Don't you believe in flying saucers, they ask me?
Don't you believe in telepathy? — in ancient astronauts? — in the Bermuda triangle? — in life after death?
No, I reply. No, no, no, no, and again no.
One person recently, goaded into desperation by the litany of unrelieved negation, burst out "Don't you believe in anything?
" Yes", I said. "I believe in evidence. I believe in observation, measurement, and reasoning, confirmed by independent observers. I'll believe anything, no matter how wild and ridiculous, if there is evidence for it. The wilder and more ridiculous something is, however, the firmer and more solid the evidence will have to be.” ― Isaac Asimov
originally posted by: mirageman
Say there are 1 million spacefaring civilizations in our galaxy existing at any one time amongst the 500 billion star systems. Now even if only a tenth of those star systems were deemed as 'interesting to visit', then each civilization would need launch 50,000 starships annually with just one of those starships reaching our own Solar System per year.
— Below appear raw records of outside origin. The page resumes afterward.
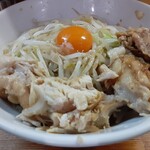 麺処 マゼル - 食べたのは【醤油】肉増しまぜそば1,100円で、コールはニンニク・チーズ無し、ヤサイ・アブラ普通、味は濃いめ。濃いめタレは中太ストレート麺にからんで旨かったです！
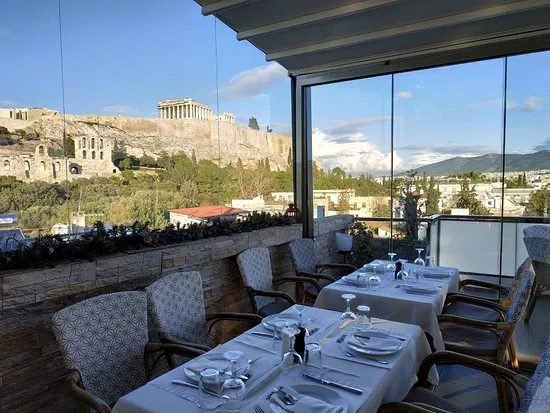 مطعم جي آي أتيكوس، أثينا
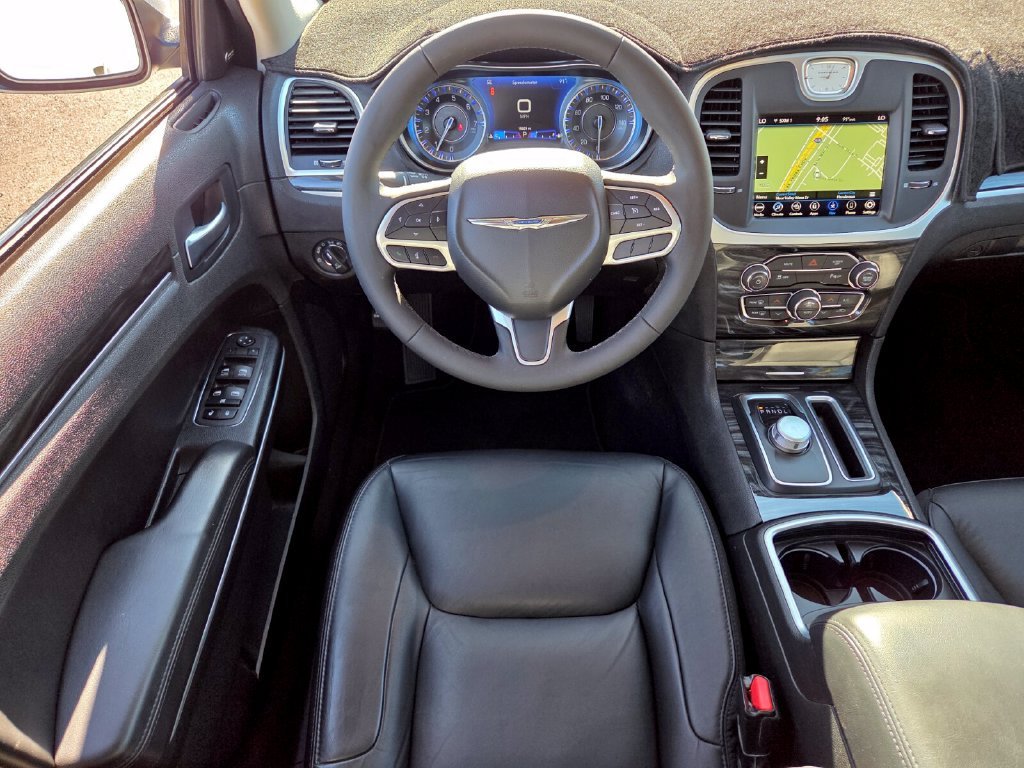 Used 2022 Chrysler 300 Touring L w/ Popular Equipment Group RWD image 17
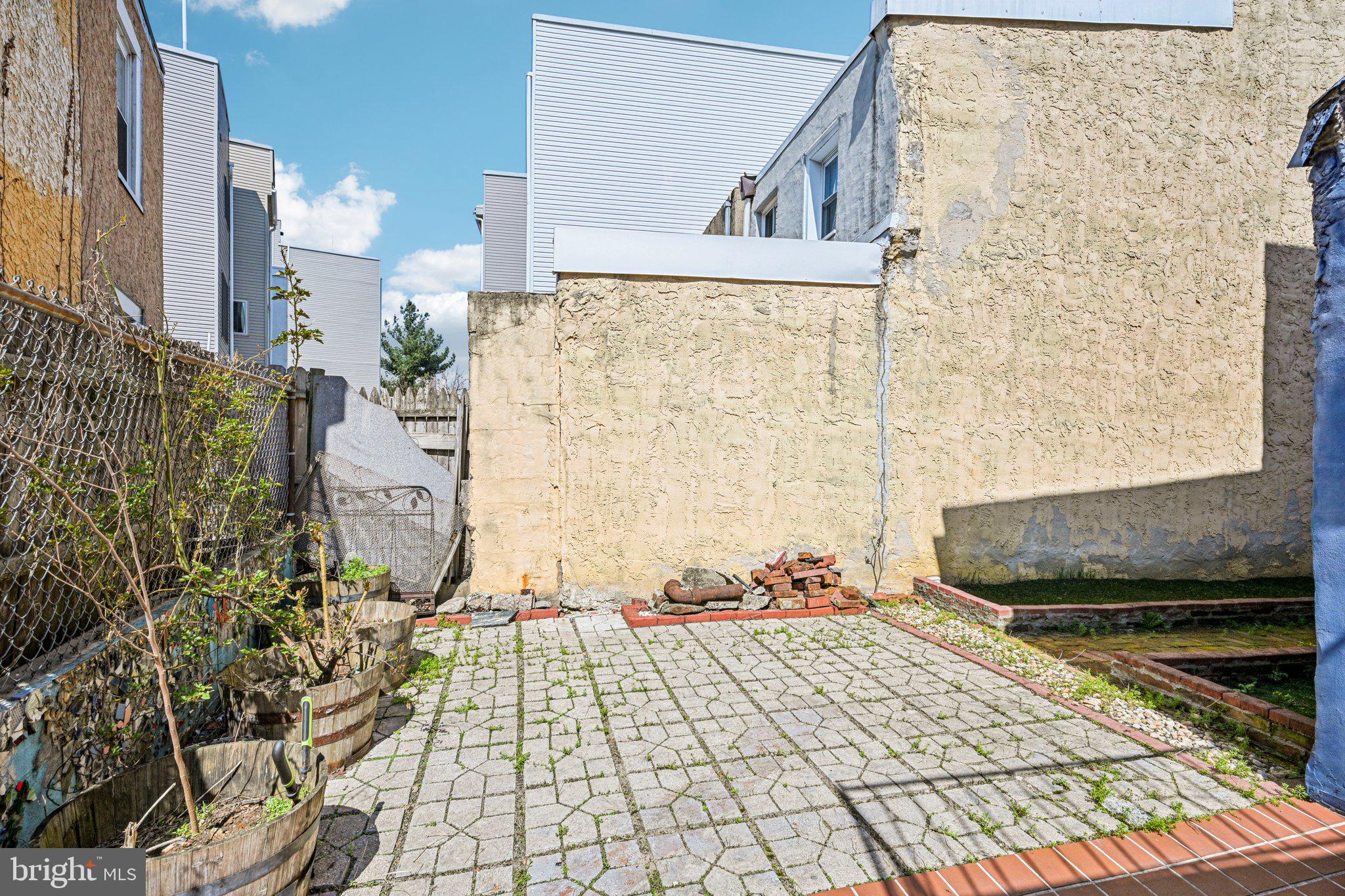 OLDE KENSINGTON - Residential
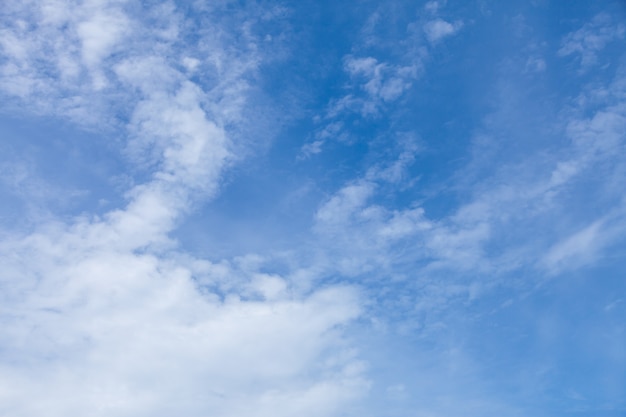 Bunte Wolken am Himmel, Fantastischer Himmel und bunte Wolken, Bunte Wolken in Wolken.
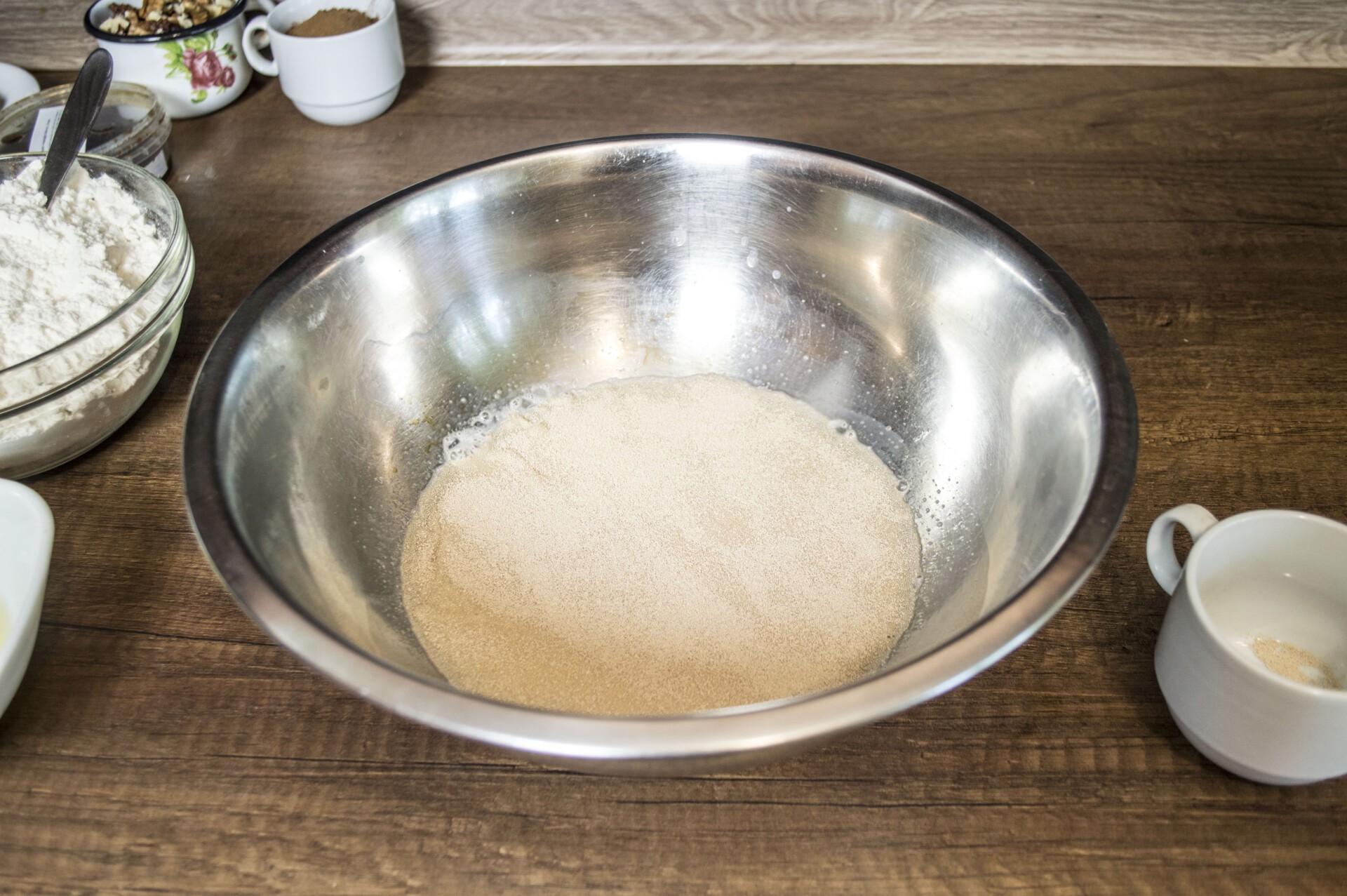 Шаг 1 приготовления Синнабон с шоколадом и орехами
More conservative numbers would produce much fewer visits. Similarly if advanced life is not so abundant or faster than light 'interstellar' travel impossible the chances are that if an alien species has ever sent a probe/craft here then it would be a very rare event.
Those "50,000 starships launched annually" could've began 100s of thousands of years ago, maybe even millions of years ago. That's plenty of time for Earth to have been discovered or even seeded and designated as a planetary body which could support intelligent life.
originally posted by: mirageman
Say there are 1 million spacefaring civilizations in our galaxy existing at any one time amongst the 500 billion star systems. Now even if only a tenth of those star systems were deemed as 'interesting to visit', then each civilization would need launch 50,000 starships annually with just one of those starships reaching our own Solar System per year.
originally posted by: Reddaysun
a reply to: anonentity
The subject seems to be this: statements from people whose credentials are understood as being sterling, all in support of ET presence. It is an aspect of the subject of ET. In the world we live in, it is a very reasonable choice to highlight these peoples' statements to strenghten one's position. And my position is: these people aren't the first ones I'd go to for truth. I prefer my neighbor's account of some ET event.
Not a 'debunk tactic,' but a hard and fast rule of scientific proof. Your cavalier attitude to reliability of evidence is hardly uncommon, buy strikes me as the fundamental flaw in the pro-UFO argument. If the quality of evidence doesn't matter, or is trumped by quantity, how can you avoid believing in ghosts, human levitation, human-animal metamorphosis, or chemical conversion of lead to gold -- all of them substantiated by numerous stories, "only one of which has to be true to verify the phenomenon".
It's an explain-away gimmick for lousy research and scholarship. And it has crippled the credibility of UFO claims, IMHO.